[Referring expression grounding data]
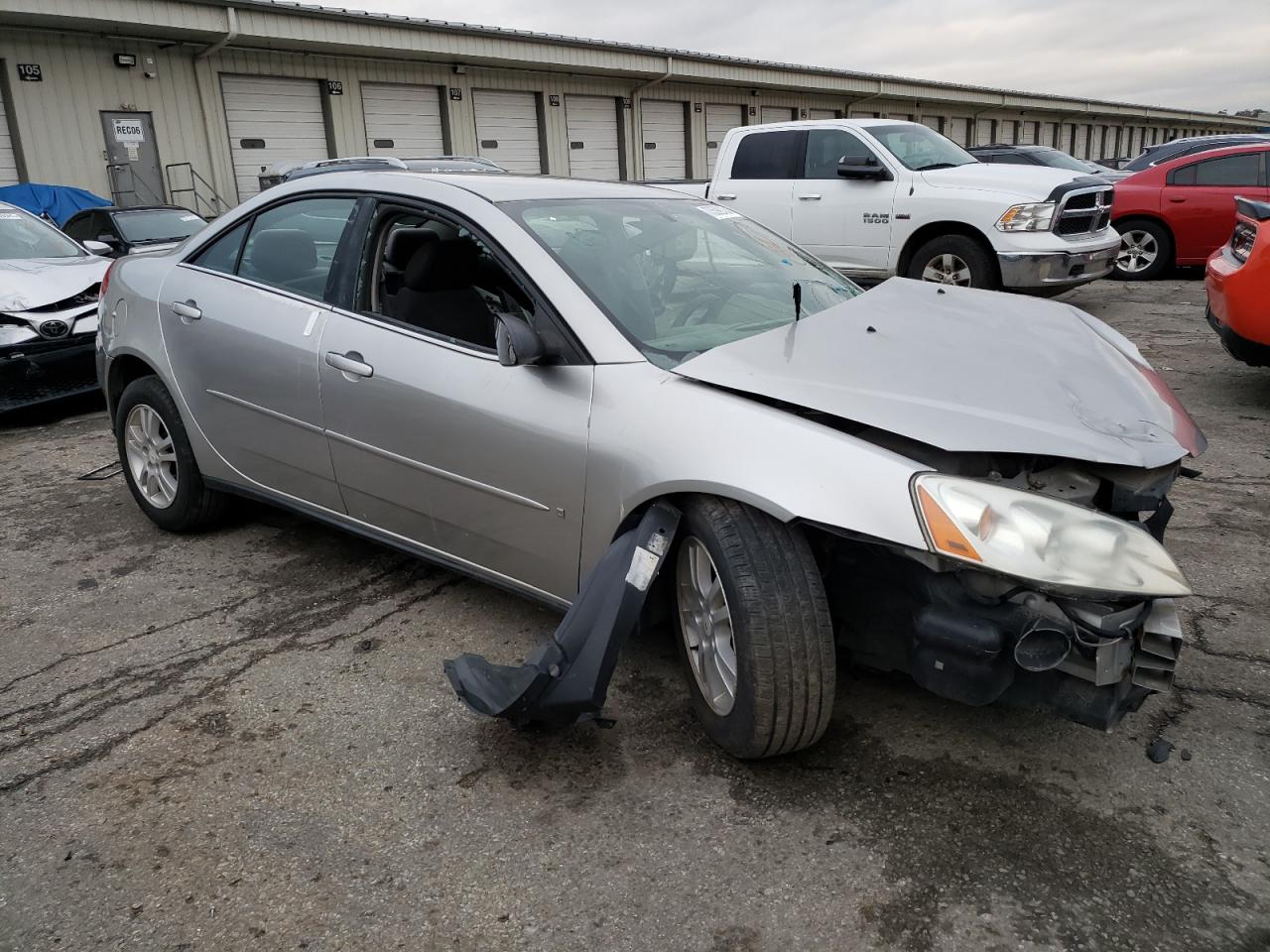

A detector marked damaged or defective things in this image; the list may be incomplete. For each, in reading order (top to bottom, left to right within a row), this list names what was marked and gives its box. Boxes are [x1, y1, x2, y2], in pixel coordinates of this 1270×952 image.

crumpled hood [924, 164, 1091, 197]
crumpled hood [0, 254, 109, 313]
crumpled hood [670, 275, 1204, 469]
cracked asphalt pavement [0, 278, 1264, 952]
damaged front end [818, 454, 1194, 731]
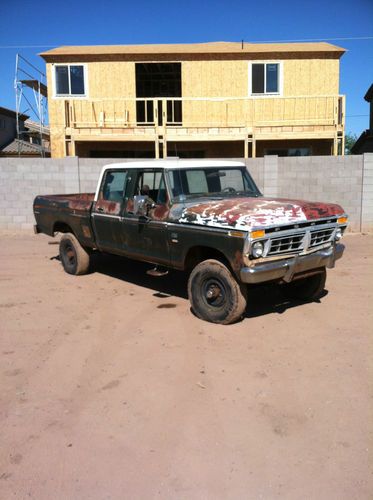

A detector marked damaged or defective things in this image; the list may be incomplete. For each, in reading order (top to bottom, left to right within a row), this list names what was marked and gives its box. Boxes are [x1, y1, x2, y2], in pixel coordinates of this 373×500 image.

rusty hood [173, 196, 344, 231]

* Your task: Exactly the lines from the one containing "this 373×500 image." to the final line of the data, both included, should be printed, and nothing more.

* Answer space:
A detector marked damaged or defective things in this image; the list may be incomplete. For each, in reading order (top to bottom, left to right within a row), this list names what was marked and gives its box. Boxes are [x1, y1, x2, y2], in pixel coordinates of this 373×500 image.

rusty hood [173, 196, 344, 231]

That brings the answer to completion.